Nick Hennessey

Williams Ephs
- Title: Offensive coordinator

Personal information
- Born: July 2, 1986 (age 39) Danvers, Massachusetts, U.S.
- Height: 6 ft 6 in (1.98 m)
- Weight: 305 lb (138 kg)

Career information
- College: Colgate
- NFL draft: 2009: undrafted

Career history

Playing
- Buffalo Bills (2009); BC Lions (2010–2011); Omaha Nighthawks (2011); Hamilton Tiger-Cats (2012);

Coaching
- St. Lawrence (2010–2012) Offensive line coach; St. Lawrence (2013) Running backs coach; Western Michigan (2014–2015) Offensive line coach; John Carroll (2016) Offensive line coach; Chattanooga (2017–2019) Offensive line coach; Williams (2019–2020) Running backs and tight ends coach; Williams (2021) Offensive line coach; Williams (2022–present) Offensive coordinator;

Awards and highlights
- Second-team All-Patriot League (2007); First-team All-Patriot League (2008); Second-team AP All-American (2008);

Career NFL statistics
- Games played: 1
- Stats at Pro Football Reference
- Stats at CFL.ca (archive)

= Nick Hennessey =

American gridiron football player (born 1986)

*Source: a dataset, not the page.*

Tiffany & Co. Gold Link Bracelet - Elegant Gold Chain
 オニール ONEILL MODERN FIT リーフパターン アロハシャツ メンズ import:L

Nicholas George Hennessey (born July 2, 1986) is an American college football coach and former offensive tackle. He is the offensive coordinator for Williams College, a position he has held since 2022. He was signed by the Buffalo Bills as an undrafted free agent in 2009. He played college football at Colgate.

==Early life==
Nicholas is the middle child of Jeanne and Mike Hennessey. He has an older sister, Jaclyn Hennessey Ford, and a younger sister, Megan Hennessey. He attended Danvers High School from 2000 to 2004 and graduated in 2004. During his senior year, he was the captain the football, basketball and lacrosse teams.

==Professional career==

===Buffalo Bills===
Hennessey spent the bulk of the 2009 season on the Bills' Practice Squad, before being activated for one game during Week 17. He was waived by the Bills after the 2010 preseason.

===BC Lions===
On October 18, 2010, the BC Lions of the Canadian Football League signed Hennessey to their practice roster. He was released on November 5. The team re-signed him for the 2011 season on December 8.

===Omaha Nighthawks===
Hennessey was signed by the Omaha Nighthawks of the United Football League on August 23, 2011.

===Hamilton Tiger-Cats===
It was announced on April 13, 2012 that Hennessey had signed with the Hamilton Tiger-Cats.